All entries must be repeated exactly; do not include the pictures.

/---

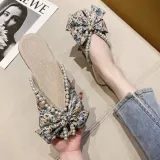 Women Boho Bohemia Flower Bow Tie Closed Toe Leisure Beach Sandalias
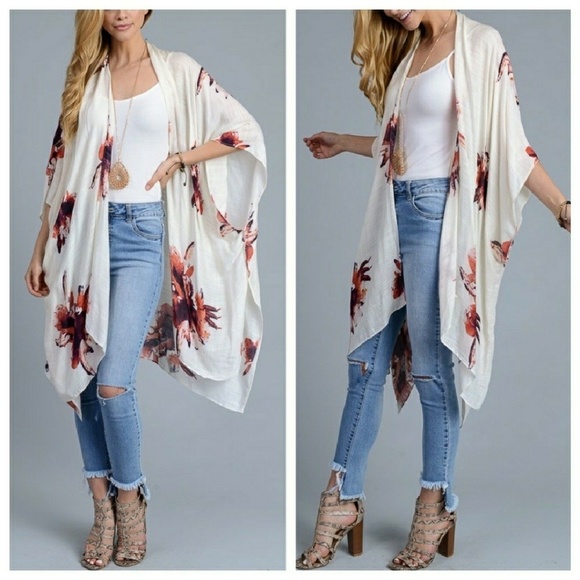 X Tops - SOLD OUT - Ivory Garden Party Kimono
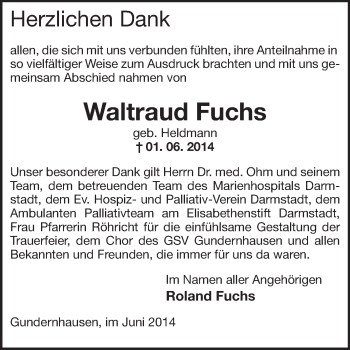 Traueranzeige von Waltraud Fuchs von Echo-Zeitungen (Gesamtausgabe)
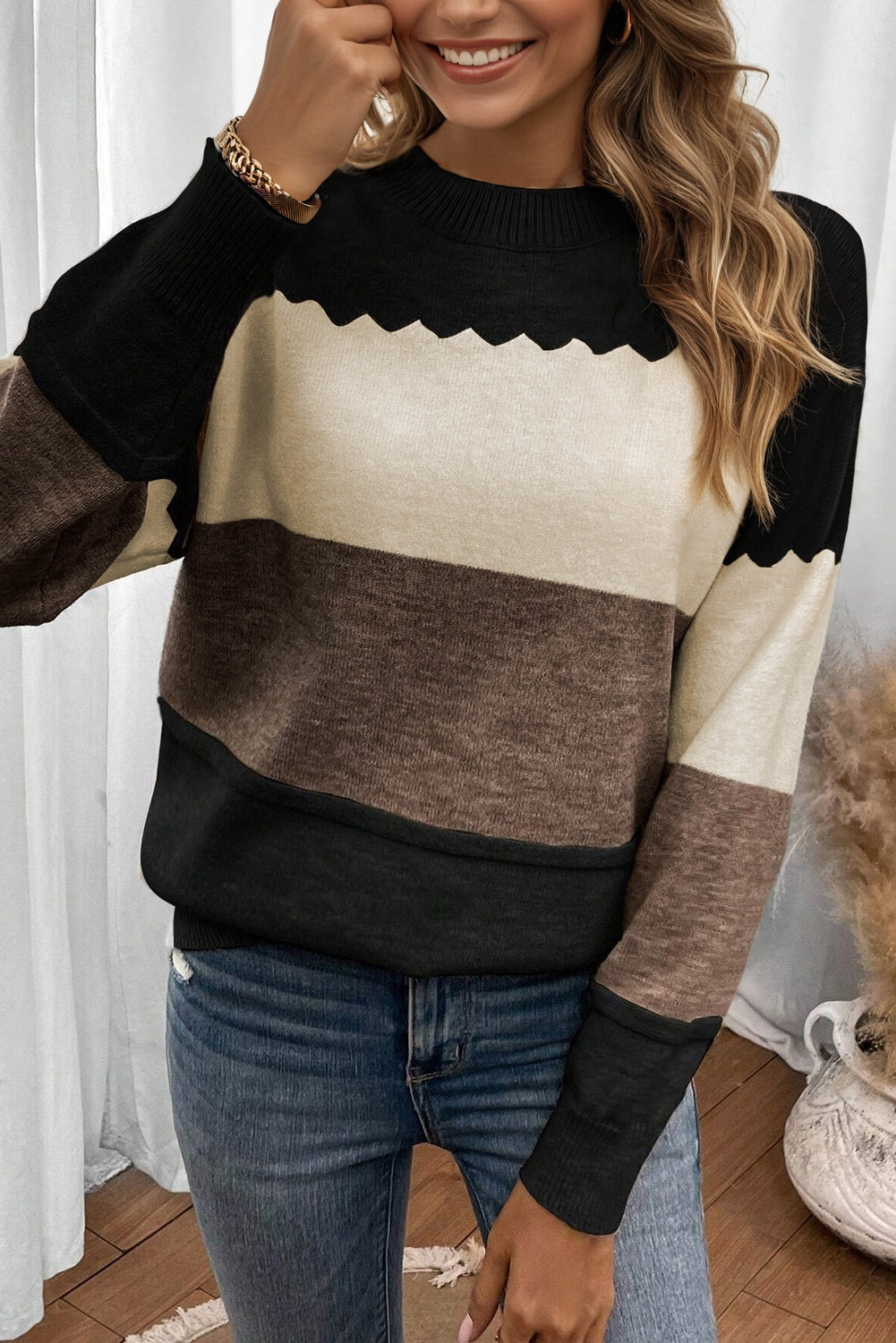 Pull Colorblock Col Rond — Épaules Tombantes
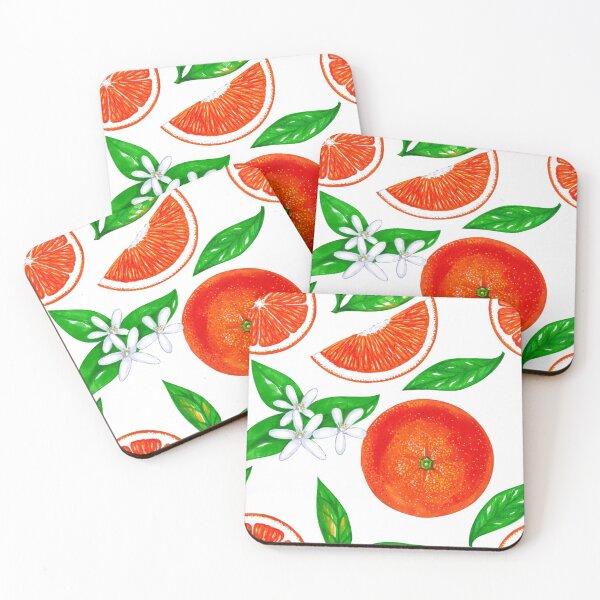 Item preview, Oranges with flowers and leaves on a white background  designed and sold by Colibri77.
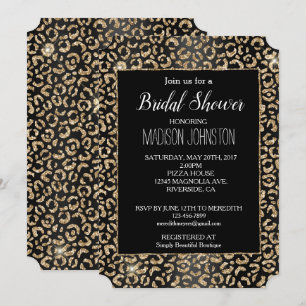 Invitation Parties scintillant en or noir glam Leopard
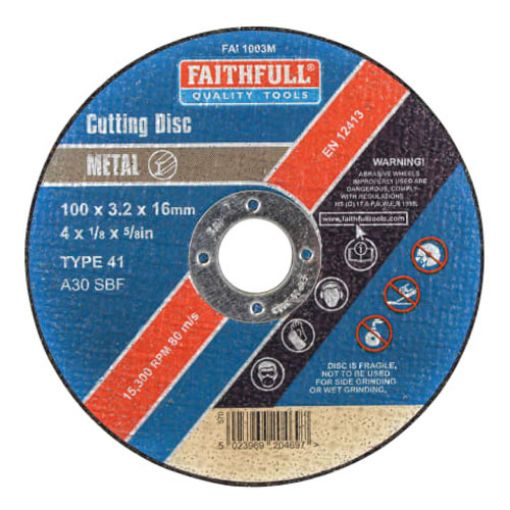 Picture of Faithfull Metal Cut Off Disc 100 x 3.2 x 16mm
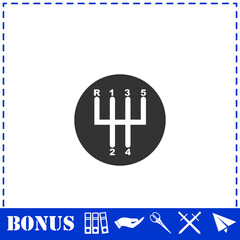 Gear shifter icon flat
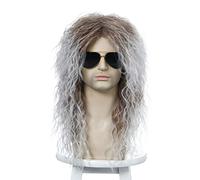 Cokbyavla 7x7 Closure Curly Role Playing Long Wig Curly Party Wig 80s Wig Rock-Punk Costume Black Men's Wig Banana Clips Hair for Fine Hair (D, One Size)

\---

**Exercise output**:
 Women Boho Bohemia Flower Bow Tie Closed Toe Leisure Beach Sandalias
 X Tops - SOLD OUT - Ivory Garden Party Kimono
 Traueranzeige von Waltraud Fuchs von Echo-Zeitungen (Gesamtausgabe)
 Pull Colorblock Col Rond — Épaules Tombantes
 Item preview, Oranges with flowers and leaves on a white background  designed and sold by Colibri77.
 Invitation Parties scintillant en or noir glam Leopard
 Picture of Faithfull Metal Cut Off Disc 100 x 3.2 x 16mm
 Gear shifter icon flat
 Cokbyavla 7x7 Closure Curly Role Playing Long Wig Curly Party Wig 80s Wig Rock-Punk Costume Black Men's Wig Banana Clips Hair for Fine Hair (D, One Size)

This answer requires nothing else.